2. Mai 2024

Was ist ein sicheres Passwort? – Teil 1: Angriffe

Passwörter sind ein alltägliches Werkzeug, um sich selbst und die eigene „digitale Identität“ auszuweisen. Beispiele für ihre Anwendung gibt es viele, angefangen vom Login des Betriebssystems bis hin zu diversen Online-Dienstleistungen wie Online-Banking, E-Mail, Online-Shops oder soziale Medien.

All diese Beispiele haben eins gemeinsam: Das eigene Passwort muss „sicher“ sein, denn wenn es erraten werden kann, können auch Unbefugte Zugriff auf das Benutzerkonto erhalten (außer es wird eine Mehrfaktor-Authentifizierung genutzt – dazu später mehr).

Aber was ist überhaupt ein „sicheres Passwort“? Empfehlungen dazu gibt es viele, doch häufig sind diese veraltet oder gar falsch.

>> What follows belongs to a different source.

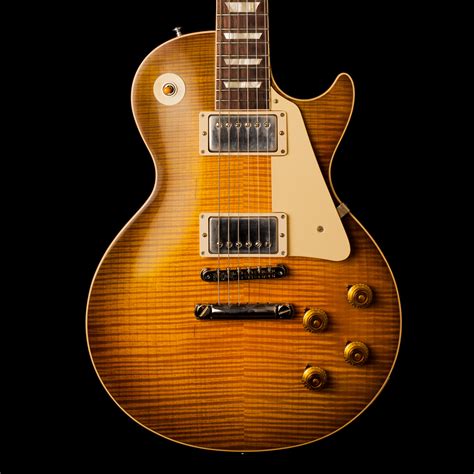 Gibson Les Paul Standard 1959 60th Anniversary Vos Golden Poppy Burst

Anstatt hier aber einzelne Empfehlungen zu diskutieren, möchten wir Sie mit dieser Blogserie viel mehr in die Lage versetzen selbst zu verstehen, welche Eigenschaften ein Passwort erfüllen sollte und vor allem warum.

Dazu müssen wir zuerst verstehen, wie Passwörter überhaupt angegriffen werden. Denn ein Passwort kann nur dann als „sicher“ eingestuft werden, wenn es nicht effizient durch gängige Angriffe erraten werden kann.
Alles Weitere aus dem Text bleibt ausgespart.